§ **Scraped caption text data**
Content starts
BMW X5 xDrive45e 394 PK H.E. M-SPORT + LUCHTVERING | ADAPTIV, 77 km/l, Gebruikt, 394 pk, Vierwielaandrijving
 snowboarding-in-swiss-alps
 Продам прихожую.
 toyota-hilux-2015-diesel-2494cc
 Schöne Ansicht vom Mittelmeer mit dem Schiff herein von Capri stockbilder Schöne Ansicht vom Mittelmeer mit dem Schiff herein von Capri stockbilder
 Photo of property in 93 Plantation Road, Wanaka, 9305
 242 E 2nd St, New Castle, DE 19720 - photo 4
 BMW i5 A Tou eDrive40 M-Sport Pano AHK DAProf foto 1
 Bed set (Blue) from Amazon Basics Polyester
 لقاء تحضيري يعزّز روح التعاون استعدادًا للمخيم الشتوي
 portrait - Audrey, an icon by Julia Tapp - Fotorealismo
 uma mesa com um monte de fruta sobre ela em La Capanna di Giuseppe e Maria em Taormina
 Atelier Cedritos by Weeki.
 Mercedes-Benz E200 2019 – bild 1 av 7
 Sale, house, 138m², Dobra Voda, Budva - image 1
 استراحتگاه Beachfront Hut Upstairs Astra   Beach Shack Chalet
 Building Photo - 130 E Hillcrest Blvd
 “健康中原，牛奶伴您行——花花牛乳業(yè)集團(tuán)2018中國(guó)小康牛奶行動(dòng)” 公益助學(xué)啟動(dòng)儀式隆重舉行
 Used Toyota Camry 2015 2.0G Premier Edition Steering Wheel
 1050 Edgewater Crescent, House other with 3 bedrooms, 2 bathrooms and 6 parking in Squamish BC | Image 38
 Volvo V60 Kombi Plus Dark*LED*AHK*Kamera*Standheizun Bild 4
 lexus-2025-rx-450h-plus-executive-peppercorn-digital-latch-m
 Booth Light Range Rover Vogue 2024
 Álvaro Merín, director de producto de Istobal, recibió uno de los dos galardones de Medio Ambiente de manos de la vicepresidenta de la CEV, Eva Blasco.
Content ends
§ **Directions for this task**
Begin with the line above that has "242 E 2nd St, New Castle, DE 19720 - photo 4" and continue through the line that has "portrait - Audrey, an", setting each one down exactly. Stop there.

§ **Task output**
 242 E 2nd St, New Castle, DE 19720 - photo 4
 BMW i5 A Tou eDrive40 M-Sport Pano AHK DAProf foto 1
 Bed set (Blue) from Amazon Basics Polyester
 لقاء تحضيري يعزّز روح التعاون استعدادًا للمخيم الشتوي
 portrait - Audrey, an icon by Julia Tapp - Fotorealismo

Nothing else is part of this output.